Nicht nur auf die Klausuren bezogen ist jetzt einiges anders als in der Schule: Auch mein Stundenplan ist anders. Ich fange später an (wofür ich als Nachtmensch wirklich dankbar bin) und höre später auf; wobei später auch mal sieben oder halb acht sein kann. Die größte Umstellung für mich musste in Punkto Selbstständigkeit erfolgen: Bekam ich früher in der Schule alles bis ins Kleinste „vorgekaut“, sodass daheim kaum noch etwas zu „verdauen“ war, ist nun das Gegenteil der Fall. Nicht selten sitze ich in einer Vorlesung und verstehe nur die Hälfte des Gesagten und frage mich, wie blöd ich eigentlich bin… Gut, dass es nicht nur mir, sondern auch meinen meisten Kommilitonen genauso geht.


In der Schule habe ich oft die Fächer Geschichte und Geo verflucht und gedacht, dass ich später nur noch Sachen lernen werde, die mir Spaß machen. Weit gefehlt – in so ziemlich jedem Studium hat man Fächer, die einem mehr oder weniger liegen. Der einzige Trost ist, dass man sich die Suppe selbst eingebrockt hat.

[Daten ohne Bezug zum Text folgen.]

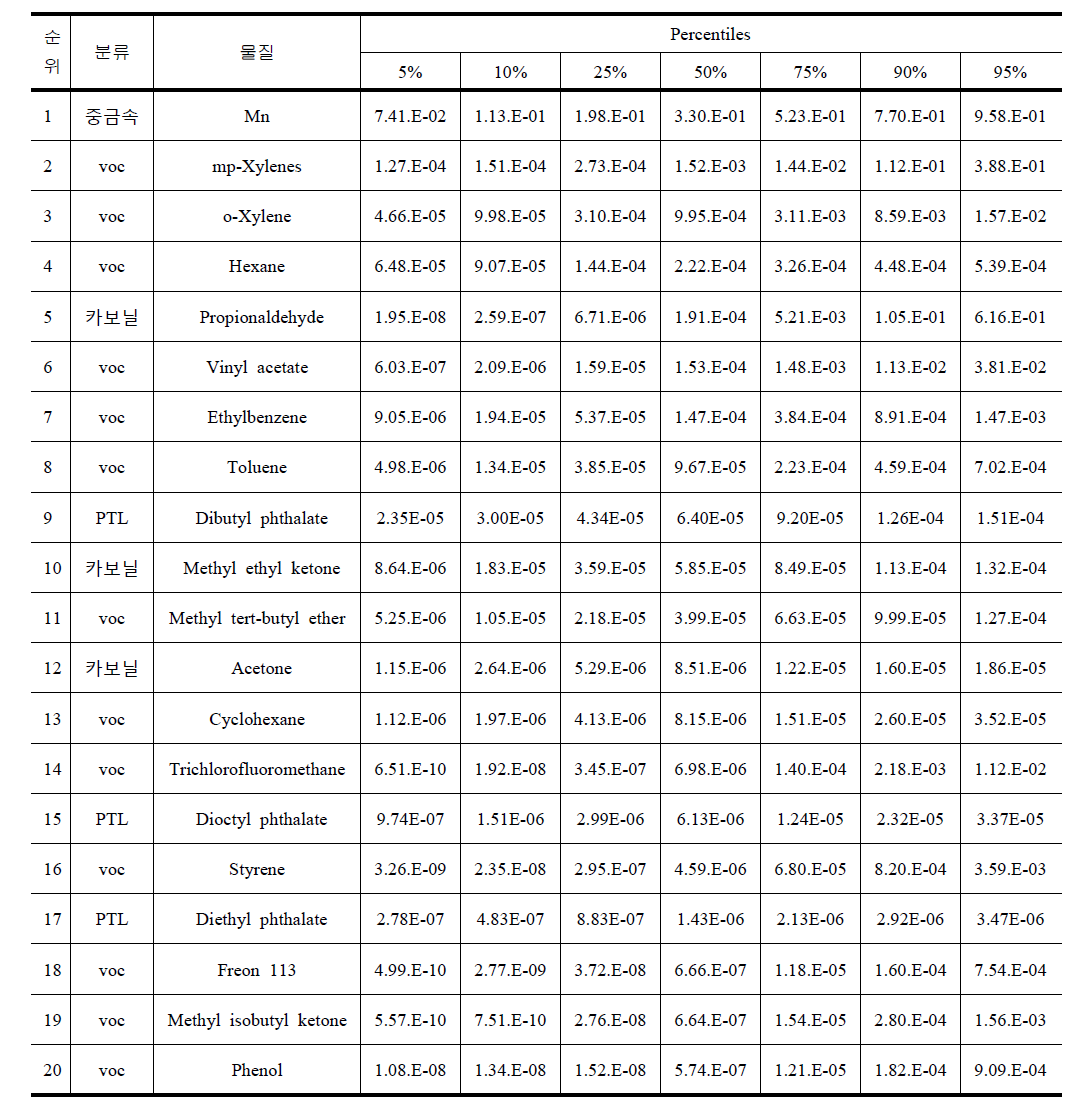 해도동 비발암 위해지수 우선순위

Auch im privaten Bereich hat sich einiges erschwert, aber auch verschönert. Nicht mehr zu Hause zu wohnen hat einen ungemeinen Vorteil: Ich kann machen, was und vor allem wann ich es will. Die Kehrseite ist allerdings, dass man auch alles selbst machen muss: Früher war ich ganz schön verwöhnt: Wenn ich nach Hause gekommen bin, stand das warme, gut duftende Essen schon bereit und hat auf mich gewartet. Möchte ich jetzt etwas gutschmeckendes Warmes, muss ich es mir selbst zubereiten (über das Mensaessen in Erlangen möchte ich mich lieber nicht auslassen).
Etwas anderes, was mich belastet, ist das Gefühl nirgendwo zu Hause zu sein: Unter der Woche bin ich hier in Erlangen in meiner kleinen WG. Am Wochenende treibt mich die Liebe in die Heimat, wo mein Freund und ich zwischen seinem und meinem Elternhaus hin- und herpendeln.


Im Großen und Ganzen muss ich allerdings sagen, dass mich die meiste Zeit wohl fühle, was vor allem an meinen Freunden hier liegt, die mir den Tag versüßen. Frei nach dem Motto „geteiltes Leid ist halbes Leid“ geht das Biochemie Praktikum am späten Nachmittag gleich schneller vorbei.
Und wenn ich euch Schülern noch einen Rat geben dürfte: Genießt euer Leben und macht euch nicht die gute Laune kaputt, wenn ihr für eine Arbeit lernen oder ein Referat vorbereiten müsst. Seht es einfach als Übung für später, denn sich und ein Thema zu präsentieren sind Fähigkeiten, die in fast allen Richtungen gebraucht werden – auch noch nach Schule und Studium. Früher habe ich es nicht ausstehen können, wenn ich eine Präsentation halten musste – heute macht es mir sogar Spaß, da ich durch die viele Übung immer selbstsicherer geworden bin.
Ich hoffe, dass ihr euren Weg findet, der euch ebensoviel Freude bereitet wie mir mein Studium.